**Supplied material**

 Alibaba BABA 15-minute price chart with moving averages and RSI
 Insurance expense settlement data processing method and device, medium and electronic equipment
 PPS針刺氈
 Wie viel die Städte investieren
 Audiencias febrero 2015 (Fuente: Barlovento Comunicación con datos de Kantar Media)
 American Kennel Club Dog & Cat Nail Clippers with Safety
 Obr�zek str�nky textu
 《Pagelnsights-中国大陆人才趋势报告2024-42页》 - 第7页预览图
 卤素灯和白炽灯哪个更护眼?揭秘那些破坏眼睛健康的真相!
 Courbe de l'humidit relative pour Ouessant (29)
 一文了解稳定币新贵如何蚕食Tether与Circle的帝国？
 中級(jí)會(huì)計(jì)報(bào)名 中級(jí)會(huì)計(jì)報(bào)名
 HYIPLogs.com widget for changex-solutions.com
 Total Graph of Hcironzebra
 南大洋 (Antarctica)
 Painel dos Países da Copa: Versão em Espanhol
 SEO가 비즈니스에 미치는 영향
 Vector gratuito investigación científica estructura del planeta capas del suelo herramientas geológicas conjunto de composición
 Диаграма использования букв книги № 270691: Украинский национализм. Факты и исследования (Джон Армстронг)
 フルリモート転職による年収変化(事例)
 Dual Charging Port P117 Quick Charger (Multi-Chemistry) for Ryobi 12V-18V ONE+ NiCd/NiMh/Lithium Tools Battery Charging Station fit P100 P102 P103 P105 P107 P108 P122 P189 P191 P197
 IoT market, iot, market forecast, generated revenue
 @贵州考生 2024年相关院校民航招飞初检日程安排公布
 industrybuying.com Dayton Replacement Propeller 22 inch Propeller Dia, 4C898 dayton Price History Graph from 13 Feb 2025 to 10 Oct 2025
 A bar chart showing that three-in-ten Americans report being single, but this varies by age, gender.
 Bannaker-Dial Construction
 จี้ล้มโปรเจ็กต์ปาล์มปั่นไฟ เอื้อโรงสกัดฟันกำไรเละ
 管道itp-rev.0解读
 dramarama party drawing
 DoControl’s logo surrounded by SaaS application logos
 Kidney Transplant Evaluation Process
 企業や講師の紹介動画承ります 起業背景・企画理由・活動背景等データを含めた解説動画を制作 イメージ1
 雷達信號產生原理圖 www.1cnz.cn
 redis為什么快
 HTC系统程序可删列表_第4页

**Exercise directions**
Your output must be the exact lines from the one containing "フルリモート転職による年収変化(事例)" through the end of the data above, both included, and nothing more.

**Reply**
 フルリモート転職による年収変化(事例)
 Dual Charging Port P117 Quick Charger (Multi-Chemistry) for Ryobi 12V-18V ONE+ NiCd/NiMh/Lithium Tools Battery Charging Station fit P100 P102 P103 P105 P107 P108 P122 P189 P191 P197
 IoT market, iot, market forecast, generated revenue
 @贵州考生 2024年相关院校民航招飞初检日程安排公布
 industrybuying.com Dayton Replacement Propeller 22 inch Propeller Dia, 4C898 dayton Price History Graph from 13 Feb 2025 to 10 Oct 2025
 A bar chart showing that three-in-ten Americans report being single, but this varies by age, gender.
 Bannaker-Dial Construction
 จี้ล้มโปรเจ็กต์ปาล์มปั่นไฟ เอื้อโรงสกัดฟันกำไรเละ
 管道itp-rev.0解读
 dramarama party drawing
 DoControl’s logo surrounded by SaaS application logos
 Kidney Transplant Evaluation Process
 企業や講師の紹介動画承ります 起業背景・企画理由・活動背景等データを含めた解説動画を制作 イメージ1
 雷達信號產生原理圖 www.1cnz.cn
 redis為什么快
 HTC系统程序可删列表_第4页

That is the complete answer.